Woodside Chairman defends $2.7 bn Shell buyback deal


Woodside Chairman defends $2.7 bn Shell buyback deal


PERTH, Australia (Bloomberg) -- Woodside Petroleum Ltd. defended a plan to buyback about $2.7 billion of stock from Royal Dutch Shell Plc amid concern investors may reject the deal.

“You get a different set of views from investors about what is a good thing and what is not a good thing,” Chairman Michael Chaney said in Perth. “Our judgment is that this is in the best interest of all shareholders.”

Woodside’s buyback is part of last month’s $5 billion deal in which Shell, Europe’s largest oil company, will trim its 23% stake in the Australian company. It’s possible that Woodside investors voting on the transaction Aug. 1 will block the buyback, according to Macquarie Group Ltd.

Ownership Matters Pty, a shareholder advisory company in Melbourne, recommended voting against the buyback, Martin Lawrence, its governance analyst, said by phone.

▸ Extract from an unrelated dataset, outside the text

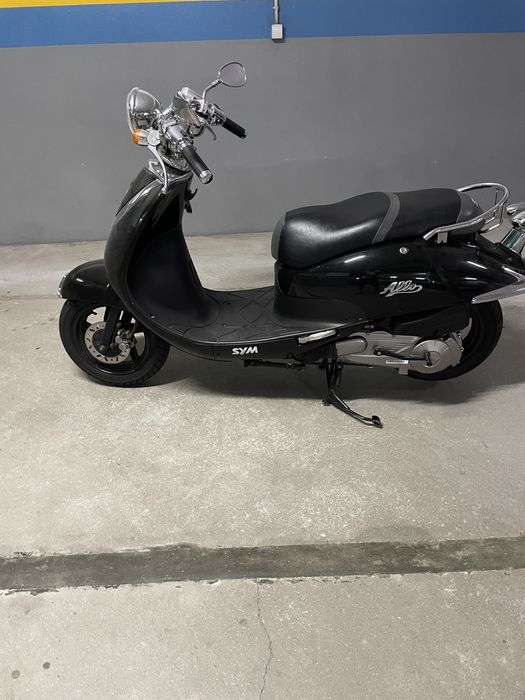 Sym allo 125 vespa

Woodside agreed to buy back shares for A$36.49 each, a 15% discount. As part of the deal, The Hague-based company sold 78.3 million shares to investors at A$41.35 each, about a 3.5% discount to the June 16 close.

Woodside rose 1.2% to A$42.37 in Sydney.

A no vote would leave Shell with a larger, unwanted stake, and add to Woodside’s frustrations after a plan to invest as much as $2.6 billion in an Israeli gas project collapsed, Macquarie analysts said in a July 21 report.

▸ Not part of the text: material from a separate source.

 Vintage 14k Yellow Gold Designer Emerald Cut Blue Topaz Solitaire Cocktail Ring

The buyback is a “great deal” for Shell with Woodside trading at three-year highs and the generous allocation of franking credits, which reduce an investor’s tax bill by recognizing that the company has already paid a levy on its profits, according to the Macquarie report.

“In the case of buying back Shell’s shares, it’s part of a two-part transaction,” Chaney said. “For shareholders that don’t participate in that, they get an uplift of dividends.”